Wer hier die Wahlen gewinnt, stellt üblicherweise den Bürgermeister Badalonas. Lange waren es die Sozialisten. Vor sechs Jahren wurde dann der katalanische Vorsitzende der auch in Madrid regierenden Partido Popular, Xavier García Albiol, gewählt. „Badalona säubern!“ hieß sein Motto gegen illegale Einwanderer, Drogen und Prostitution. Er hatte Erfolg in Vierteln wie Llefía. Und seit zwei Jahren regiert ein Bürgerbündnis rund um die links alternative Podemos mit Unterstützung anderer linker und nationalistischer Fraktionen Badalona.

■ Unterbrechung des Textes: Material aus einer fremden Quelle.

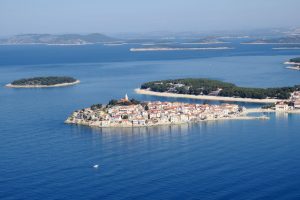Primošten beach stop on private Krka tour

Luis Pérez lebt seit 50 Jahre in Llefía. „Klar geh ich wählen“, antwortet der 72-jährige Rentner bereitwillig. „Wie ich abstimmen werde, fällt unter das Wahlgeheimnis“, sagt der Tischler aus Andalusien und beginnt seine Sicht der Dinge darzulegen. „Ich glaube nicht, dass wir wirklich unabhängig sein können. Katalonien ist hochverschuldet, die Rating Agenturen führen uns als Ramsch“, warnt er. Dann schweigt er kurz, als hätte er Bedenken, zu deutlich geworden zu sein. „Ich bin keiner dieser verbitterten Einwanderer“, setzt er erneut an: „Wenn ich aus dem Süden zurückkomme, sag ich jedes mal zu meiner Frau: ‚Endlich wieder zu Hause‘.“
Die „Verbitterten“ sitzen im Centro Manchego ein paar Straßen weiter und spielen Domino. Eine spanische Fahne und Fotos, unter anderem von König Felipe VI., dem spanischen Ministerpräsidenten Mariano Rajoy und Albiol zieren die Wand. „Ich bin innerhalb von Spanien umgezogen. Ich bin kein Einwanderer“, sagt Pepe González verärgert. „Am 1. Oktober wähle ich nicht. Ist ja auch gar nicht legal“, fügt der 64 -jährige ehemalige Arbeiter bei einem Automobilzulieferer hinzu. Sollte Katalonien je unabhängig werden, dann werde er gehen. Seine Dominokumpel nicken zustimmend. „Doch soweit wird es nicht kommen“, ist er sich sicher. Die Regierung in Madrid wisse das zu verhindern. Alle hier begrüßen das harte Vorgehen Rajoys, die Strafverfolgung gegen die Autonomieregierung und über 700 Bürgermeister inbegriffen.
„Spanischer Nationalismus der übelsten Sorte“, ist das für Jordi Lleal. Der 74-jährige Architekt gehört zu Òmnium, der kulturellen Gruppe, die viele der freiwilligen Helfer für das Referendum stellt. Deshalb wurde das Òmnium-Büro in der Altstadt mit dem Wort „Nein“ besprüht. Ein anderes Mal drangen mehrere Jugendliche am helllichten Tag ein und zerstörten Einrichtungsgegenstände.
Lleal ist von klein auf für die Unabhängigkeit. „Seit jenem Tag als ein Franco-Faschist meinen Vater mit der Pistole bedrohte und als ‚katalanischen Hund‘ beschimpfte, weil er nicht Spanisch sprechen wollte“, erzählt er. „In Madrid regieren immer noch die gleichen, nur mit anderem Hemd“, fügt er hinzu.
Dass die Òmnium-Mitglieder Gefahr laufen strafrechtlich verfolgt zu werden, wenn sie weiterhin den Wahltag vorbereiten … Lleal winkt ab. „Ich habe 35 Jahre unter der Franco-Diktatur gelebt. Kein Problem“, gibt er sich betont selbstsicher.